Many years ago... when we could fly for nearly free and galavant across the country... decided to take in the Royal's Spring Training in Florida.... and the baseball amusement park next door Boardwalk and Baseball... Was simply glorious April weather... We returned tanned... well... her allover... me, the left forearm (from out the rental car window... remember, I'm somewhere between a strawberry and an Albino..... I get redder and redder and redder.. 'ceptin' the left forearm.)

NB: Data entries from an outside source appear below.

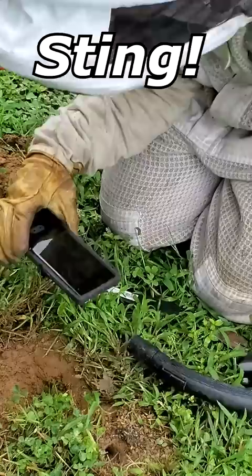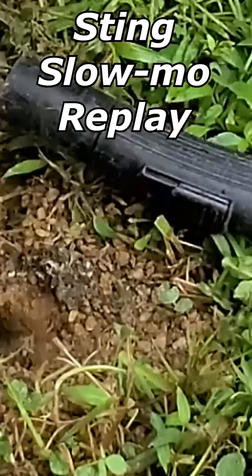However, one did manage to get out and fly right to my glove and sting me. Slow-mo instant replay — bam, right through the leather glove.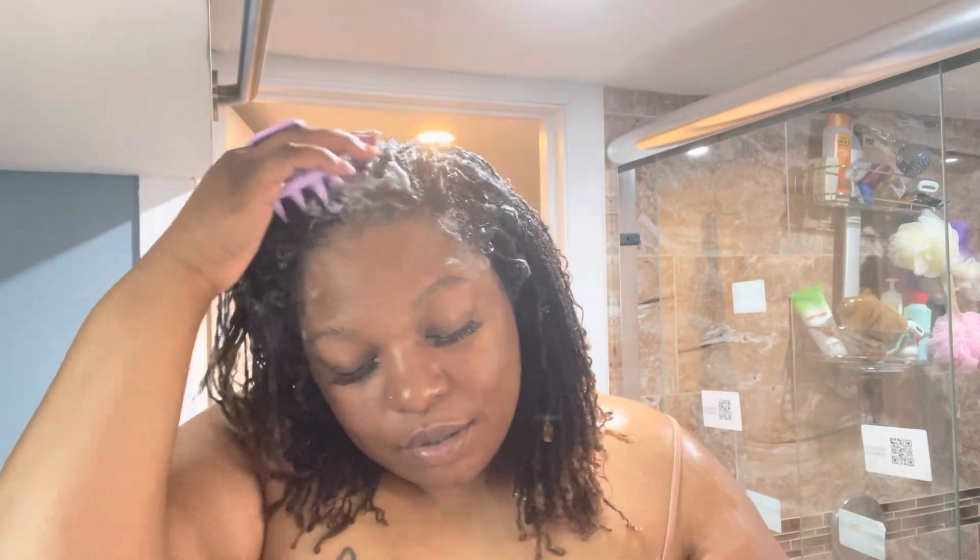Hey friends, welcome back to another video! Today I'm going to be washing my locks. My hair itches so bad — it feels like I just got my sister locks installed. Y'all know that itch you get when you first get them installed? That's how bad my hair is itching right now.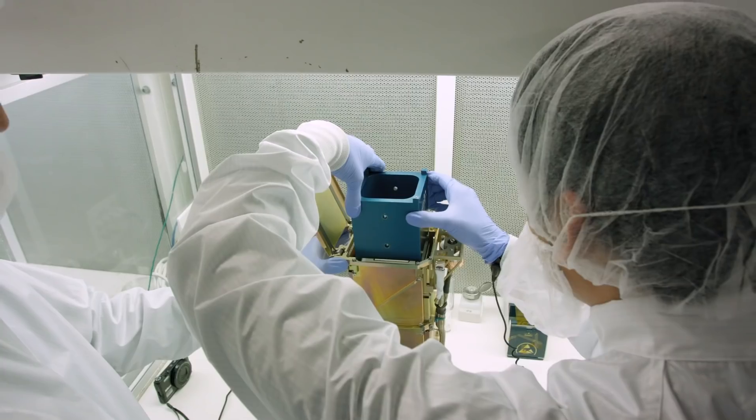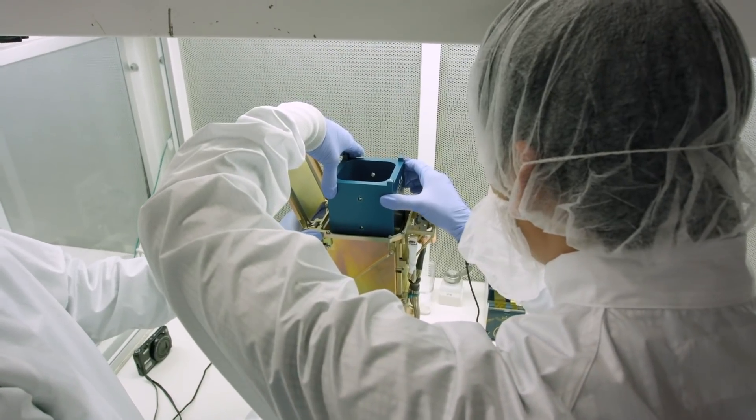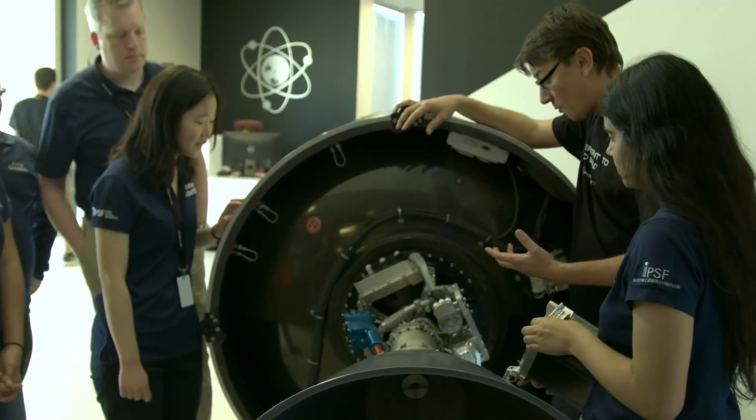Irvine 01 is a 10x10x10 centimeter one-unit cubesat. It has solar panels on the side, it has an aluminum alloy frame. The main payload is the 3 megapixel camera, and we will be using it to capture images of stars and planets, and to basically find out the distance from our cubesat to stars.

Perched in our $12 First Class seats... we shared the ride home with Keven Sietzer (A KC Royal rookie at the time) and George Brett... a few goo-goo-gaa-gaa stares from the two boys (Maynard and his half-brother D).. and compliant smiles from the ballplayers... Then we landed....

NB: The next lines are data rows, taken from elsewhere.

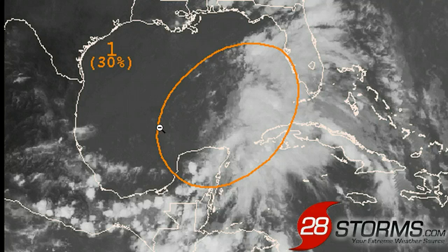This is your 28storms.com tropical weather update for Monday evening, June 3rd, and the focus continues to be a tropical wave now moving into the southeast Gulf of Mexico. The hurricane hunters are tentatively scheduled to fly into this area of disturbed weather tomorrow afternoon to see if the low has become better organized.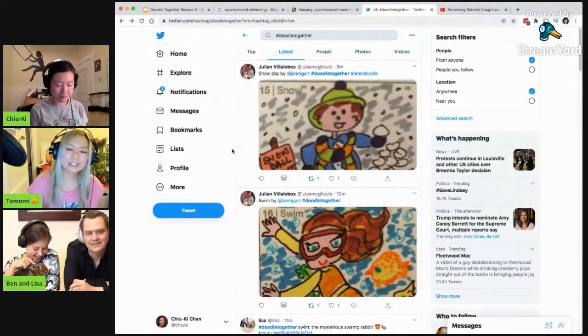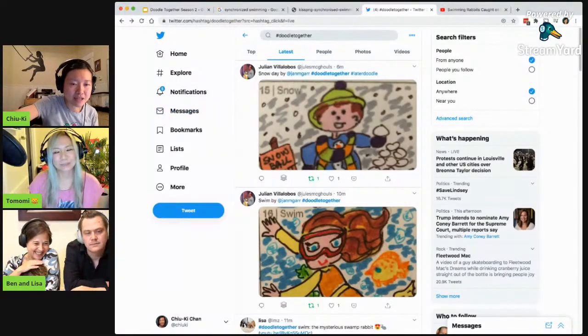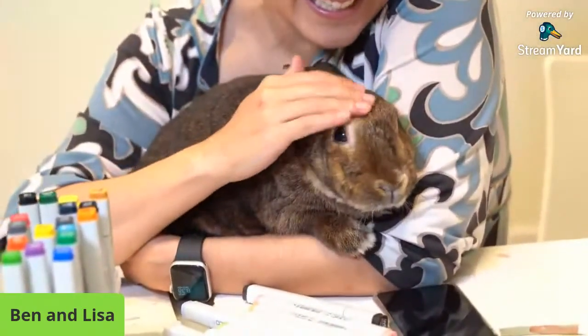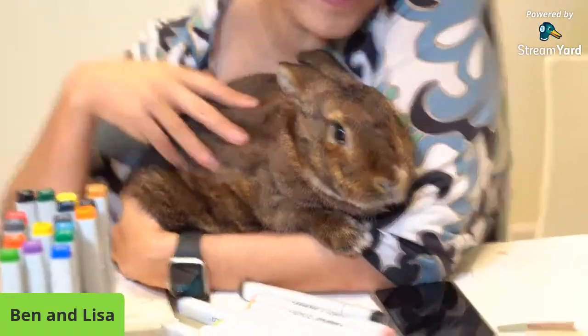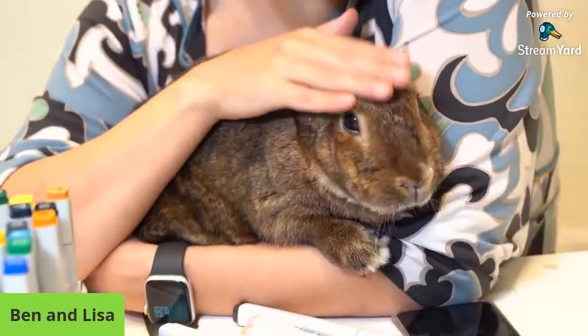And she does look like a swamp rabbit, but she's not a swamp rabbit. All right. Now, back to rabbit time. Oh my gosh. Look at that. She's like, I'm not a swamp rabbit. She's so sweet. I love that we have animals joining us. Jamie made a very brief appearance as well. Yeah, Jamie fell asleep.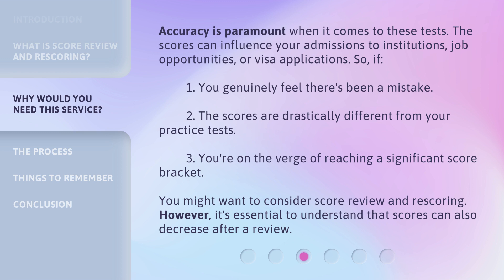So, you might want to consider score review and rescoring if: you genuinely feel there's been a mistake; the scores are drastically different from your practice tests; or you're on the verge of reaching a significant score bracket. However, it's essential to understand that scores can also decrease after a review.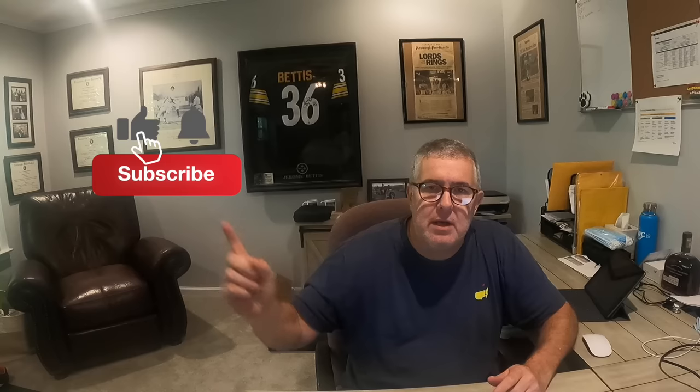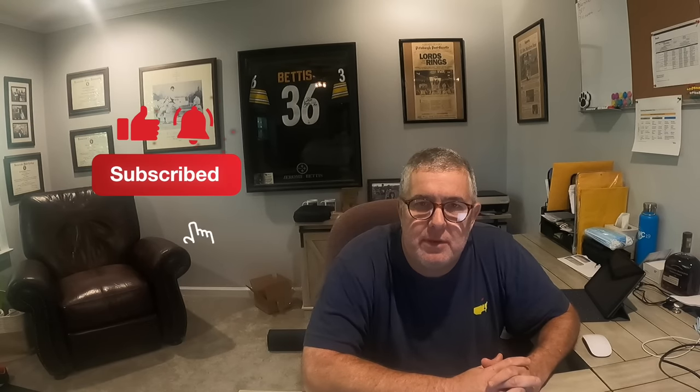Hey YouTube, this is Robert from Sherbourne Outdoors. Today we'll be discussing my experience renting RVs with the Outdoorsy service, with two different vacations that I did with my family to the Grand Canyon and Yellowstone. Go ahead and hit that subscribe button and click the bell to be notified of new content. Let's go ahead and get started.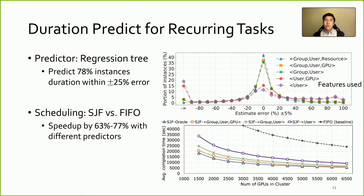We therefore predict the duration of recurring tasks from past runs. We use a regression tree as the predictor and feed it with features like the group tag, the task username, and the resource request. The figure on the right top shows the more features it uses, the better the estimate it could make. In the best case, the error for 78% of instances falls within 25%. Guided by this duration prediction, we simulate scheduling with a shortest-job-first policy. Compared to the FIFO baseline, the SJF scheduler can reduce average task completion time by 76–77% with the same number of GPUs, or achieve similar performance with less than one-third of the GPUs.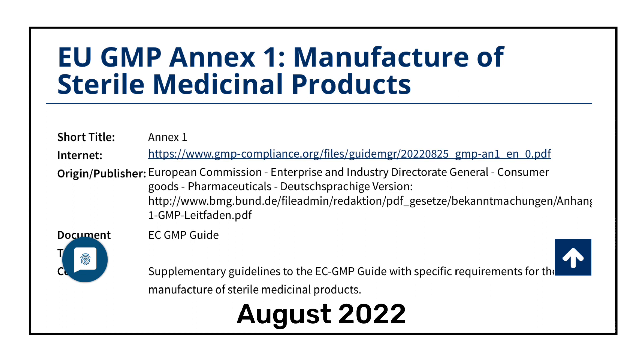In 2022, European GMP Annex 1 was revised and published. Annex 1 of the European GMP is a guideline for the manufacturing of sterile medicinal products. This guideline was published in August 2022 and will be made effective from 25th August 2023. This means all injectable facilities manufacturing injectables for European countries need to fulfill the requirements of Annex 1 from August 2023.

Holy shit. Airline guy opens the door and it's like 37 degrees in Kansas City. Brett turns to Sietzer, no words exchanged, but I could tell they each wished they were playing for like the San Diego Padres or something...

April in the Midwest, like life, can be a bastard. April, like this ride, can be glorious. April, like a relationship can be orgasmic and "seeyalater" in a day's time. April, like work, can be rewarding and frustrating as hell.. sometimes all within the same day.

April can sendya shakin' cause yain't dressed for it... It can drenchya cause they popup in a minute... and some days you can lay on the ground on a blanket and have thoughts of "please Lord, don't change a thing... the BEST." It can scare the watoosie outta ya as you head to the basement during the sirens... Some days though, ya never wanna leave the park bench.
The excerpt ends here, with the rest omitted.